習志野-前橋育英 7回表習志野1死満塁、桜井が右翼線へ勝ち越し2点二塁打を放つ=上毛新聞敷島
習志野-前橋育英 7回表習志野1死満塁、桜井が右翼線へ勝ち越し2点二塁打を放つ=上毛新聞敷島
7回表習志野1死一、二塁、小沢が左前へ同点打を放ち喜ぶ
7回表習志野1死一、二塁、小沢が左前へ同点打を放ち喜ぶ

 秋季関東高校野球大会は19日、群馬県の上毛新聞敷島球場などで開幕し、千葉県1位の習志野は前橋育英(群馬2位)に7-3で逆転勝ちし初戦を突破した。1-2の七回に小沢が同点打、桜井が勝ち越し2点二塁打を放った。
 東海大相模(神奈川1位)は駿台甲府(山梨2位)に14-2で七回コールド勝ち。桐光学園(神奈川2位)は霞ケ浦(茨城2位)に4-2で勝ち8強入り。習志野は21日、高崎城南球場の第1試合(午前10時開始)で4強進出を懸け東海大相模と激突する。
 第2日は20日、1回戦の残り4試合を行い、同球場の第2試合(午後0時30分開始予定)で千葉県2位の拓大紅陵が花咲徳栄(埼玉1位)と対戦する。

 ▽1回戦(上毛新聞敷島)
習志野
000100411―7
000020100―3
前橋育英(群馬)
(習)山内―宮下
(前)菊池、武藤、大河原、細野―須永

▽二塁打 桜井(習)飯野(前)

 【評】習志野が1―2の七回に4得点し逆転勝ち。小沢の左前打で追い付き、桜井が右翼線へ勝ち越し二塁打を放った。八回は和田の適時打、九回は山内の犠飛で加点。山内は147球10奪三振で完投。前橋育英は12安打も好機で一本が出ず。守備の乱れも響いた。

◆逆境強く鮮やか逆転

 「いつも通りだ」。1点差で負けていても、こういう声が飛び交う点に強さがある。習志野は終盤の七回に4得点し逆転。春夏の甲子園経験者が多く残る中で、持ち味の粘り強さを発揮した。
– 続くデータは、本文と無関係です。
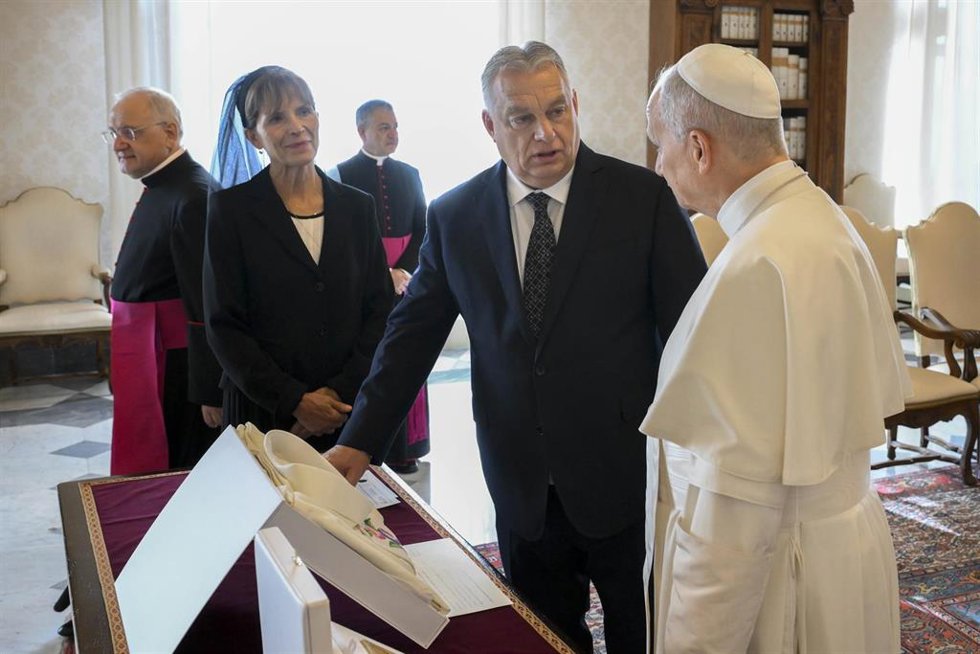 El Papa y Viktor Orban en el Vaticano.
 突破口は足で開いた。中前打の小林風太が、捕球した選手の体勢を見逃さず二塁へ到達。習志野らしい攻撃で流れを呼び寄せた。

 適時打で追い付き、なおも満塁で県大会打率5割の桜井亨佑。狙っていた左腕のカーブを引っ張った。右翼線を破る豪快な二塁打で2人が生還。逆境を鮮やかに跳ね返し、「これが自分の役割。4番の仕事です」。珍しく派手に右手を掲げ、喜びを表現した。

 チームは県大会でも左腕に苦戦したが、「待ち球を絞ることを徹底した」と桜井。地元校の1年生エースを攻略した。さらに逆転の呼び水となったのが積極性だ。
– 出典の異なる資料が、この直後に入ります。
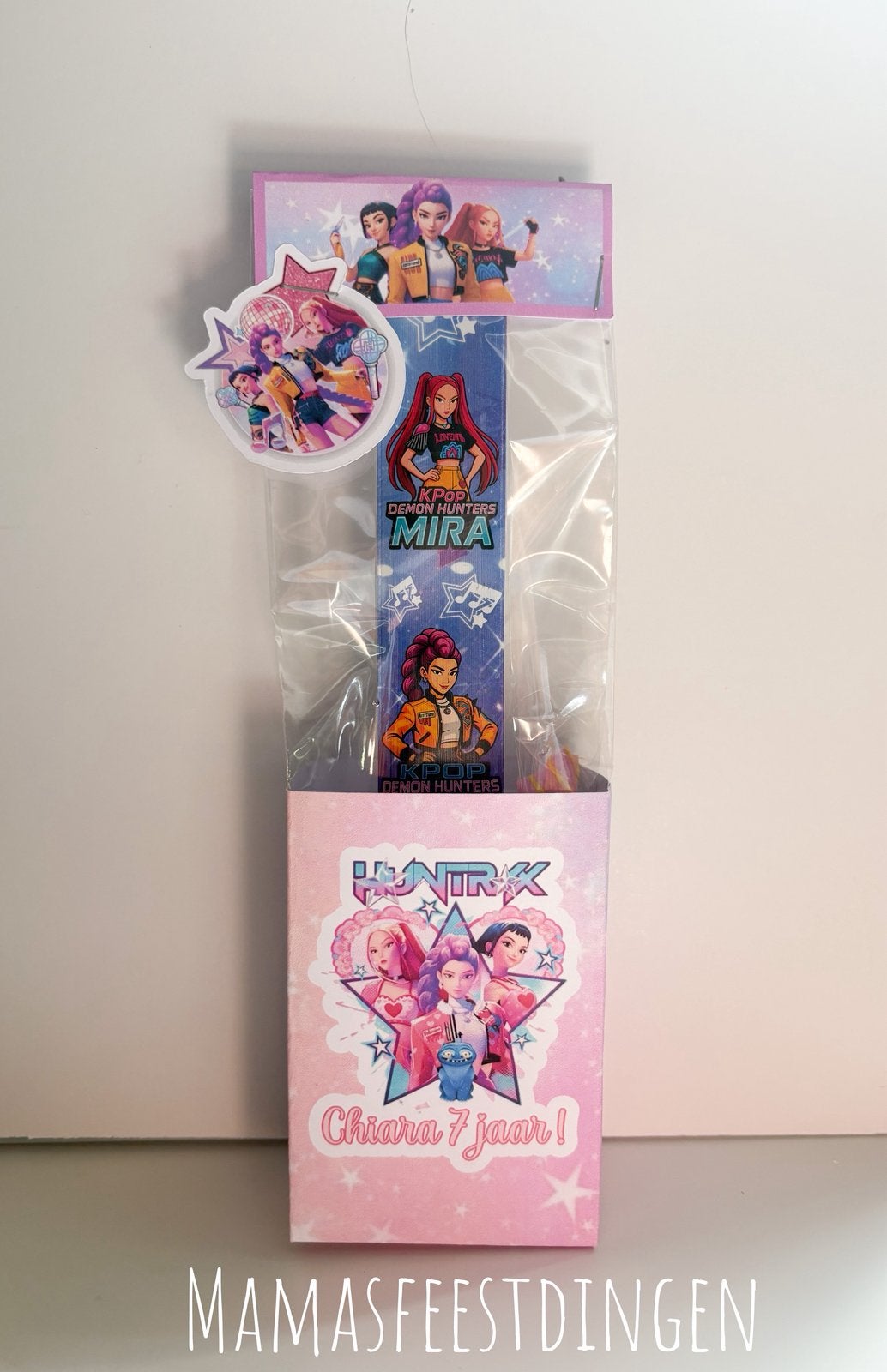 Traktatie treatbox met klaparmband  en snoep  kpop, Ophalen of Verzenden, Nieuw, Feestartikel, Verjaardag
 小林徹監督が直前の練習で選手の動きが「丁寧過ぎる」と察し、「イチかバチかのプレーがあっていい」と鼓舞。六回は先の塁を狙うあまり2度走塁死も、七回の積極走塁につながった。桜井が打ったのもファーストストライクだった。

 春の甲子園出場「有力」とされる4強へあと一勝。桜井は「挑戦者の気持ちで全力で倒す」。“東の横綱”との大一番へ。皆の闘志に火が宿った。

◆小沢が同点打

 習志野は1点を追う七回、2番の小沢拓海が同点打を放った。前打者が敬遠気味の四球で一、二塁となり奮起。バスターの構えからファウルで1球粘り、たたいた打球が遊撃手の横を鋭く抜けた。この試合自身初安打。「迷惑掛けた分恩返ししたかった」と満足そうに喜んだ。

 2、3打席目はボテボテの内野ゴロ。小林徹監督に「同じ凡退を続けているよね」と言われ目が覚めた。バントの構えで揺さぶった後、バスターは「的を絞れるように」自らの判断で敢行。とっさのアイデアが光った。

 次は佐倉シニア時代のチームメイトもいる東海大相模戦。「正念場になる。必死に粘れるように」と意気込んだ。